With nearly 100,000 ethnic Chinese (half the population), Richmond has the highest proportion of first-generation immigrants of any Canadian municipality. Despite this, according to the municipal government’s own survey, just over three percent of all Richmond shops display Chinese-only signs. Yet this vicious campaign has been on the boil for years. In 2013, a petition seeking to make it an offence to have commercial signs that are not at least 70 percent English (or, hypocritically, French) got 1,000 signatories. Sounding like a modern-day white Rhodesian, one of them declaimed: “We, the new visible minorities, are experiencing exclusion.... Why do I have to be an outsider?” (Toronto Star, 23 March 2013).

Last November, as the issue resurfaced during the municipal elections, the virulently racist “Immigration Watch Canada” unfurled a large banner atop a busy Richmond highway with the message: “Fight Gridlock: Cut Immigration.” This outfit, which is promoted by open fascists and has links to similar anti-immigration groups in the U.S., Britain and Australia, rails against “the indignity that Richmond citizens and all other Canadians will continue to endure.” These sick bigots fulminate about communities being “overwhelmed by immigrants” and predict there “might well be civil war over control of many Canadian cities”! Showing their contempt for all minorities, they also attempted to foment a racist backlash against the largely Punjabi port truckers during the latter’s strike last year, blaming them for “displacing” white Canadian workers.

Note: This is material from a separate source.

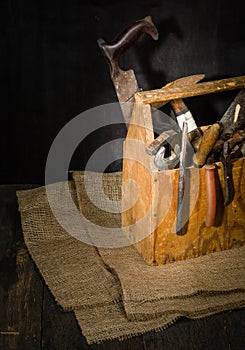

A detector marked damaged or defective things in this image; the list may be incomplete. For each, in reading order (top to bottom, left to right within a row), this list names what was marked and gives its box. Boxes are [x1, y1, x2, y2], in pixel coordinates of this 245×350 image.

rusty handsaw [97, 16, 159, 126]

Many of these same reactionary “English only” forces also oppose funding English as a Second Language classes and other services which are essential for immigrants to be able to work and more generally navigate society. Meanwhile, capitalist governments at every level are slashing ESL programs to the bone. Against such anti-immigrant bigotry, we Marxists oppose all “official language” edicts and are against privileges for any language. We demand equal language rights for all. We support bilingual (or multilingual) education where necessary, and the provision of services in any language—French, English, Cree, Inuktitut, Chinese, Punjabi—where circumstances warrant.

Over 40 percent of Metro Vancouver residents have mother tongues other than English, with languages from China, India and the Philippines topping the list. Immigrants make up a strategic component of the working class in B.C. and they bring many valuable political experiences from their homelands. In its own defense, the workers movement must reject anti-immigrant reaction and the kind of racist filth pushed by outfits like Immigration Watch, which can only poison the struggles of labour against capital and bring defeat.

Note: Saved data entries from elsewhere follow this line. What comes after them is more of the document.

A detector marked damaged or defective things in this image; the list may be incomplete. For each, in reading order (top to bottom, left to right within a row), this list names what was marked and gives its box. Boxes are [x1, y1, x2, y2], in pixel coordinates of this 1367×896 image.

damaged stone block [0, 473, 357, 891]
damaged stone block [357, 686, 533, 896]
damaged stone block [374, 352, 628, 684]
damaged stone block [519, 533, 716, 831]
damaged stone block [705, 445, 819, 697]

A History of Anti-Chinese Racism

Always an integral part of British Columbia’s history, Chinese people contributed their sweat and blood to build a modern industrial province. Settling in B.C. at least as long ago as the white colonists, many came from California and China to join the gold rush of 1858, when the British officially founded the mainland territory. Others already lived in Victoria, in the then-separate colony of Vancouver Island. In the late 19th and early 20th centuries, they consistently represented 5-10 percent of the B.C. population. In the early 1880s, the rail magnates used the skills of Chinese workers (many of whom had worked on the U.S. transcontinental railroad) to build the B.C. leg of the Canadian Pacific Railway. Paid less than their white co-workers and given the most dangerous jobs, at least 600 Chinese workers died on the project.

After the final spike was driven in 1885, Chinese labour was deemed no longer necessary. The Canadian government first curtailed and then outright banned Chinese immigration, slapping on the hated “head tax” and fomenting a backlash against the Chinese. In the House of Commons, the corrupt and racist prime minister John A. Macdonald railed against “the Chinaman” that “he has no British instincts or British feelings or aspirations, and therefore ought not to have a vote.” Chinese Canadians did not obtain the right to vote until 1949.

The capitalists’ anti-Chinese racism was particularly open and raw in B.C. In a typical comment, a Vancouver Sun columnist wrote in 1914: “We want our population to remain a white people; we want no interference with our laboring classes by a cheap yellow, brown or black exodus from any part of Asia; we want our agricultural, our mining, our fishing, our lumbering and all our other industries to be in the hands of white people” (quoted in Patricia E. Roy, A White Man’s Province: British Columbia Politicians and Chinese and Japanese Immigrants, 1858-1914, 1989). This “yellow peril” racism also saw Japanese Canadians, once a large component of the West Coast fishing industry, essentially wiped out as a thriving community in B.C. Targeted as “enemy aliens,” they were dispossessed and thrown into concentration camps during World War II (see “The Infamy of Canada’s Concentration Camps,” Spartacist Canada No. 64, September 1985). And throughout, Native people were relegated to third-class status.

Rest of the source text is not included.